Worked example — trace the following algorithm for n = 4:
count ← 0
FOR i ← 1 TO n
IF i MOD 2 = 0 THEN
count ← count + 1
ENDIF
NEXT i
OUTPUT count
i | i MOD 2 | count |
|---|---|---|
| — | — | 0 |
| 1 | 1 | 0 |
| 2 | 0 | 1 |
| 3 | 1 | 1 |
| 4 | 0 | 2 |
Output: 2 (the number of even values in 1–4).
Exam technique for trace tables:
- Record a new row every time a variable changes
- If a variable does not change in an iteration, it can be left blank or repeated — follow the question's instructions
- Write the output separately, at the point the OUTPUT statement is reached
- Do not skip iterations or combine steps — each row represents one change in state
Algorithm efficiency: More than one algorithm can solve the same problem. An algorithm that solves a problem in fewer steps is more efficient. When comparing algorithms, AQA only requires informal comparisons based on time: for example, binary search is faster than linear search on sorted data because it halves the remaining search space on each step, whereas linear search checks every element in order. Choosing the more efficient algorithm matters when dealing with large amounts of data.
Common Exam Mistakes
1. Stating that an algorithm is a program
An algorithm is a sequence of steps — it has no programming language and no syntax. A program is one way of implementing an algorithm. These are not the same thing, and confusing them in a definition answer loses marks.

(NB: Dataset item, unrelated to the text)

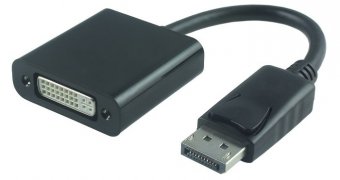 MicroConnect Adapter Displayport to DVI, M/F, Black 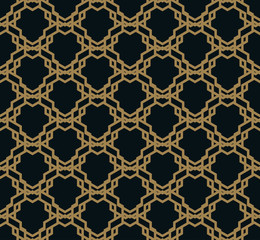 Seamless pattern. Graphic lines ornament. Floral stylish background.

2. Describing decomposition vaguely
"Splitting the problem into smaller parts" is not enough. A full answer names the specific sub-problems and states that each accomplishes a single, identifiable task. Examiners expect you to apply decomposition to the given scenario.
3. Treating abstraction as simplification
Abstraction removes irrelevant detail — detail that does not affect the solution. It is not about making things shorter or easier. The removed detail genuinely does not belong in the model.
4. Missing decision labels on flowcharts
Every decision diamond must have both exits labelled Yes and No (or True and False). An unlabelled branch is ambiguous — it cannot be followed — and will lose marks.
5. Skipping rows in a trace table
Every change in variable state requires its own row. Combining two iterations into one row, or jumping to the final value without showing each step, misrepresents how the algorithm executes and produces wrong answers for "state the output" questions.